* Exercise instructions *
Every line from the first one in the data below through the line holding "2136 SW 5th St #1 — Photo 6" is to be written out exactly, with the pictures omitted.

-- Provided material follows --

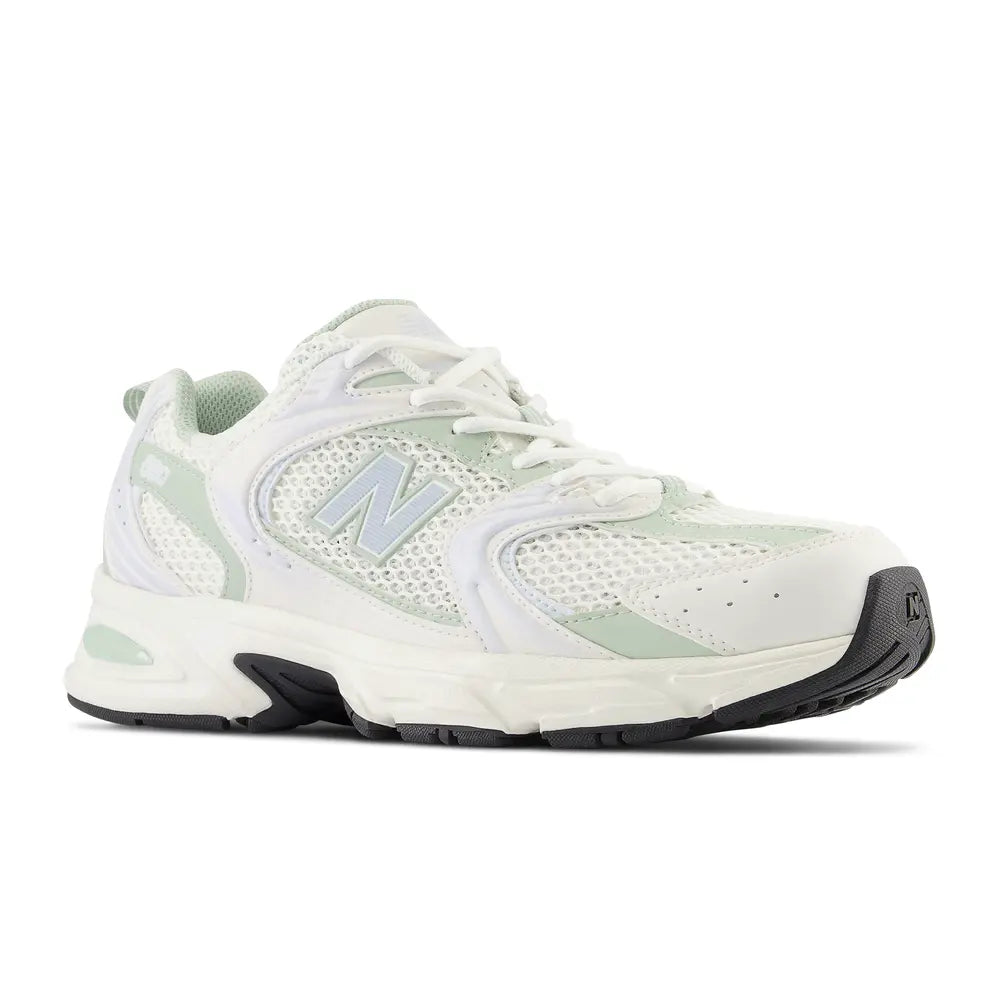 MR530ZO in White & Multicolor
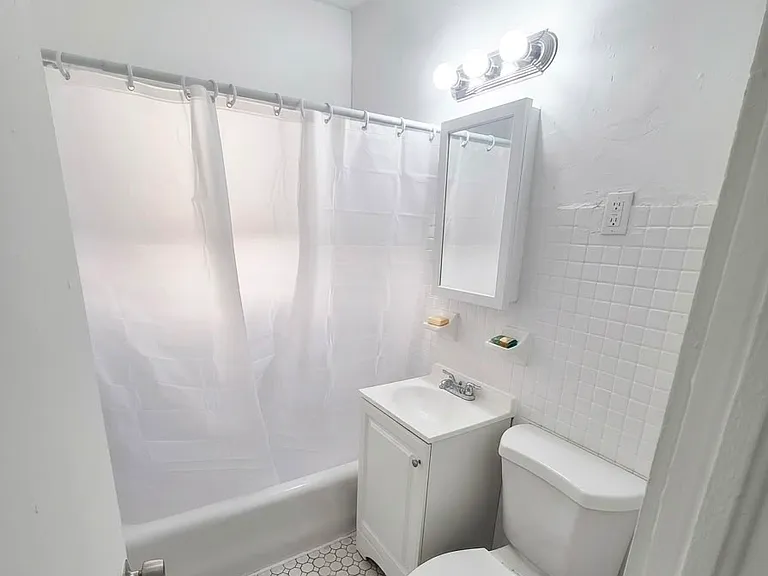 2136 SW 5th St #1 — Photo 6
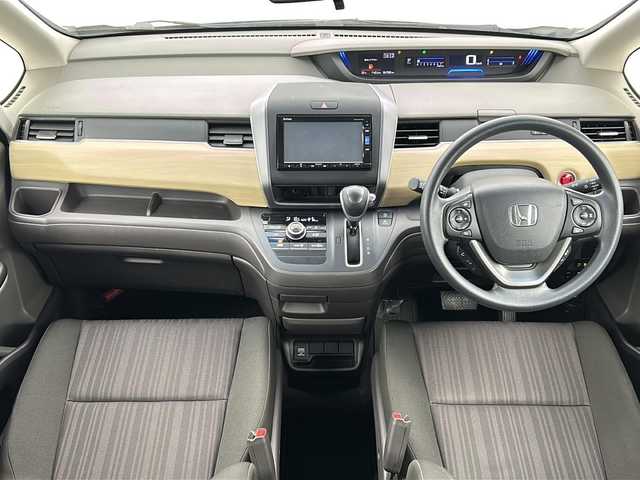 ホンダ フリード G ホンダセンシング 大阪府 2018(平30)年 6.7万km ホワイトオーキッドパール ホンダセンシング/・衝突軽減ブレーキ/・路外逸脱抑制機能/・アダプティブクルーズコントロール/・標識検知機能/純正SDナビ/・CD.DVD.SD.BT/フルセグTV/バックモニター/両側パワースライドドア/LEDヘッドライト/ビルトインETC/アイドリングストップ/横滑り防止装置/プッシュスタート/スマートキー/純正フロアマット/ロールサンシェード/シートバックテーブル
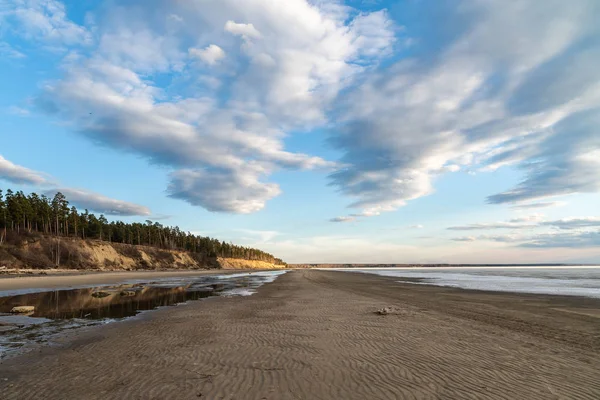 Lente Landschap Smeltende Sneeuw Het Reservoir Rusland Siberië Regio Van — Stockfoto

-- Provided material concluded --

* Answer *
 MR530ZO in White & Multicolor
 2136 SW 5th St #1 — Photo 6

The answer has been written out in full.